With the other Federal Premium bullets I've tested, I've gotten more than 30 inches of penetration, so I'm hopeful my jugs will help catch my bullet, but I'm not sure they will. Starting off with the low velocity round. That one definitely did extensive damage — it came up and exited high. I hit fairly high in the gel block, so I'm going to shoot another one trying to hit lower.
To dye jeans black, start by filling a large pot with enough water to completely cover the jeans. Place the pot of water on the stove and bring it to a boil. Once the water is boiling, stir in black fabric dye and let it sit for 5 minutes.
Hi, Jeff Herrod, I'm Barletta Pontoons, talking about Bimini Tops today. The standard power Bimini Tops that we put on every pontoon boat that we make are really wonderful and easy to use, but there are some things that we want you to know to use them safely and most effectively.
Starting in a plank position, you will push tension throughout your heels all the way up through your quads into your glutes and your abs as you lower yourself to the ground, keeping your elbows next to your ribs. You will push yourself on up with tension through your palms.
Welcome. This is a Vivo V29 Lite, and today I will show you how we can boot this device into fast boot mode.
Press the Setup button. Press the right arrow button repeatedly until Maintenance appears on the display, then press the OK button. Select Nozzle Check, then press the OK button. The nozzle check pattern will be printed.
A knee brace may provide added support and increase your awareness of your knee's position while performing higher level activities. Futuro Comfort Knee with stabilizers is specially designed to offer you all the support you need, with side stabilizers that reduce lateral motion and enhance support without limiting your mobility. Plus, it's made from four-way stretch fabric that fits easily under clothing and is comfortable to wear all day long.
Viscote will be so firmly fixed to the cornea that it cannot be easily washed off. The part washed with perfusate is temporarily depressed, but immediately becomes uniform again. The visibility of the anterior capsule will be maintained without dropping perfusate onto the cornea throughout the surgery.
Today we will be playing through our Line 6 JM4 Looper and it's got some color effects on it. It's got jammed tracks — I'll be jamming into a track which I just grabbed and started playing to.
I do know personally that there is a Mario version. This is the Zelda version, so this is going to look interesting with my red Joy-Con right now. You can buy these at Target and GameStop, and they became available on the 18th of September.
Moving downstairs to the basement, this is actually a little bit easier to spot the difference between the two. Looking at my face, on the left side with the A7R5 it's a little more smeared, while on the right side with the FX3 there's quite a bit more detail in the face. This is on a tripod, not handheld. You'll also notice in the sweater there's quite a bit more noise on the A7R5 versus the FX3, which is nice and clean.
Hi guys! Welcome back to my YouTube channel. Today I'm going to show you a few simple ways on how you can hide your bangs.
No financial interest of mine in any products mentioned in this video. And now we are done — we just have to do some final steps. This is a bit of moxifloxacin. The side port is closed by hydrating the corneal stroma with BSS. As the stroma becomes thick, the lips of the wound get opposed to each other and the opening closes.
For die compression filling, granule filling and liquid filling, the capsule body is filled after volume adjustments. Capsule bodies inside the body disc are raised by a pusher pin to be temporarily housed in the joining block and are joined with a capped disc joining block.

::::::

● Action item:
All lines from the start of the entries through the line where "To dye jeans" sits should be duplicated exactly, with nothing else in the output.

● Result below:
With the other Federal Premium bullets I've tested, I've gotten more than 30 inches of penetration, so I'm hopeful my jugs will help catch my bullet, but I'm not sure they will. Starting off with the low velocity round. That one definitely did extensive damage — it came up and exited high. I hit fairly high in the gel block, so I'm going to shoot another one trying to hit lower.
To dye jeans black, start by filling a large pot with enough water to completely cover the jeans. Place the pot of water on the stove and bring it to a boil. Once the water is boiling, stir in black fabric dye and let it sit for 5 minutes.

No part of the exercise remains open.